Re: Nutch dev. plans

2009-07-25 Thread Andrzej Bialecki

Kirby Bohling wrote:

On Fri, Jul 17, 2009 at 5:21 PM, Andrzej Bialecki wrote:

Doğacan Güney wrote:


There's no specific design yet except I can't stand the existing plugin
framework anymore ... ;) I started reading on OSGI and it seems that it
supports the functionality that we need, and much more - it certainly
looks
like a better alternative than maintaining our plugin system beyond 1.x
...


Couldn't agree more with the "can't stand plugin framework" :D

Any good links on OSGI stuff?

I found this:

http://neilbartlett.name/blog/osgi-articles


Hi Kirby,

Thanks for your insights - please see my comments below.


Plugins are called Bundles in OSGi parlance, but I'll use plugin as
that's the term used by Nutch.

I have done quite a bit of OSGi work (I used to develop RCP
applications for a living).  OSGi is great, as long as you plan on not
using reflection to retrieve classes directly, and you don't plan on
using a library that uses it directly.

Pretty much every use of usage like this:

Class clazz = Class.forName(stringFromConfig);
// Code to create an object using this class...
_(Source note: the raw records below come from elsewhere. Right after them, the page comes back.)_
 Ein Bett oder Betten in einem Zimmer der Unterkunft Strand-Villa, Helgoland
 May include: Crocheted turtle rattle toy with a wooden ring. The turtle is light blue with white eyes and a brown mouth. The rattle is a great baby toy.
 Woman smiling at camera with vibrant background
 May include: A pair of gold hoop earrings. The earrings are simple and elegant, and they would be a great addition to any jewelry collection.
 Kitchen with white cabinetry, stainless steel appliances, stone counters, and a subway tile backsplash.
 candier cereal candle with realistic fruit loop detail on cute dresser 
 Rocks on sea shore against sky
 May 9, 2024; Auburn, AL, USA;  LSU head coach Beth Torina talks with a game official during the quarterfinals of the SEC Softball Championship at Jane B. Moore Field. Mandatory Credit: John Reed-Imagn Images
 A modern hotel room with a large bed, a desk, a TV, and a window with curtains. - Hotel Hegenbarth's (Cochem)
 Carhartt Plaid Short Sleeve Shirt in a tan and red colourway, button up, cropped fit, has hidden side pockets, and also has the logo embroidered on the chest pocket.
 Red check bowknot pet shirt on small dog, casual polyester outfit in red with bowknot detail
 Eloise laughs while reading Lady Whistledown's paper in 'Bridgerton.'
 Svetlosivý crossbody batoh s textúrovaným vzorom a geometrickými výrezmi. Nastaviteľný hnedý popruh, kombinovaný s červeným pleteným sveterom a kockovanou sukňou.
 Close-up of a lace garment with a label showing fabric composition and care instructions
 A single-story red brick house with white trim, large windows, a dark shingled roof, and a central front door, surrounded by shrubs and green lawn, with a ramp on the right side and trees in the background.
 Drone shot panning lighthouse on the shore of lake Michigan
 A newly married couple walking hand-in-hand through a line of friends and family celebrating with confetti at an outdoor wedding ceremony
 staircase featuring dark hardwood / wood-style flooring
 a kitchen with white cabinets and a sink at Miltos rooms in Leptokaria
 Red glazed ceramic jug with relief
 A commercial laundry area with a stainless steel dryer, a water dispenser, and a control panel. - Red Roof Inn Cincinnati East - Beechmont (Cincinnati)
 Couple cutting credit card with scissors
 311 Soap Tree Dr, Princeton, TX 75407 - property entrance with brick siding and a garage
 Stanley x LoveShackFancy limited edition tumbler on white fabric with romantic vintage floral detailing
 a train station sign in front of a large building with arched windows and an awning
Will fail, unless the code is very classloader aware.  So if you're
going to switch over to using OSGi (which I think would be wonderful),
you'll want to ensure that you can deal with all of the third-party
libraries.  I haven't played much with any of the Declarative Services
stuff (I think that was slated for OSGi, but it might have just been
an Eclipse extension).


This is an important issue - so I think we need first to do some 
experiments, and continue development on a branch for a while ... Still 
the whole ecosystem that OSGI offers is worth the trouble IMHO.





The OSGi uses classloader segmentation to allow multiple conflicting
versions of the same code inside the same project.  So having a
pattern like:

Plugin A: nutch.api (Which contains say the interface Parser { })
Plugin B: parser.word (which has class WordParser implements Parser)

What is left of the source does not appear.